THE TASK: Scan the entries below and return each line that contains "cabinetry".
* * * *
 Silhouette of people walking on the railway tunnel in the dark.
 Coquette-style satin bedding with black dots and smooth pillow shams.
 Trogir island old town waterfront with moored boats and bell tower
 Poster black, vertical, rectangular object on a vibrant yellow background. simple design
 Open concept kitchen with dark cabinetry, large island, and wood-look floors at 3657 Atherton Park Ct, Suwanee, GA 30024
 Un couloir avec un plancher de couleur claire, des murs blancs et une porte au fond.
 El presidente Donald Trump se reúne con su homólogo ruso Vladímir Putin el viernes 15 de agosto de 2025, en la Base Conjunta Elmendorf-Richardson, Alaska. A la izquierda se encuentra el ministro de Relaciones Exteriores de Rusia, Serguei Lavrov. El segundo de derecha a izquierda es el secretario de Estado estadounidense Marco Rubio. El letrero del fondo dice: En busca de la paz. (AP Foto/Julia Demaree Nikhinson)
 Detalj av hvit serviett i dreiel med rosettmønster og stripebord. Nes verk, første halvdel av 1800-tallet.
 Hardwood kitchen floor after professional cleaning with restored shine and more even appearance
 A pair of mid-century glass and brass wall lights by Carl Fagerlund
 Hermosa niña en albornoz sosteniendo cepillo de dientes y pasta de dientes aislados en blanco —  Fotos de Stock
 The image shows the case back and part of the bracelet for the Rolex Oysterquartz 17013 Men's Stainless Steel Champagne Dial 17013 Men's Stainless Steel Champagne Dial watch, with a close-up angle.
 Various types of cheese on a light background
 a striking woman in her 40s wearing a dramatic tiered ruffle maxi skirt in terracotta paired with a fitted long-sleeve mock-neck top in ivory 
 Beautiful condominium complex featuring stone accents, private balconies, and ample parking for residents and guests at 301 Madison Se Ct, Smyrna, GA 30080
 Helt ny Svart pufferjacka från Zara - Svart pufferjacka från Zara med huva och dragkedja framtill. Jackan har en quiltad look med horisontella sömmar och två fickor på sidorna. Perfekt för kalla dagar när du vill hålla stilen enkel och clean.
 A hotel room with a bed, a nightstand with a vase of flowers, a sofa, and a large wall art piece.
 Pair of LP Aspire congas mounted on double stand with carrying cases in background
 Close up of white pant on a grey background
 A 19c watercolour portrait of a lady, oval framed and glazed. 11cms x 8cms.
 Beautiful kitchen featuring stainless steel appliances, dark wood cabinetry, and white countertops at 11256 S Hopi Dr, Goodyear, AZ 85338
* * * *
REPLY:
 Open concept kitchen with dark cabinetry, large island, and wood-look floors at 3657 Atherton Park Ct, Suwanee, GA 30024
 Beautiful kitchen featuring stainless steel appliances, dark wood cabinetry, and white countertops at 11256 S Hopi Dr, Goodyear, AZ 85338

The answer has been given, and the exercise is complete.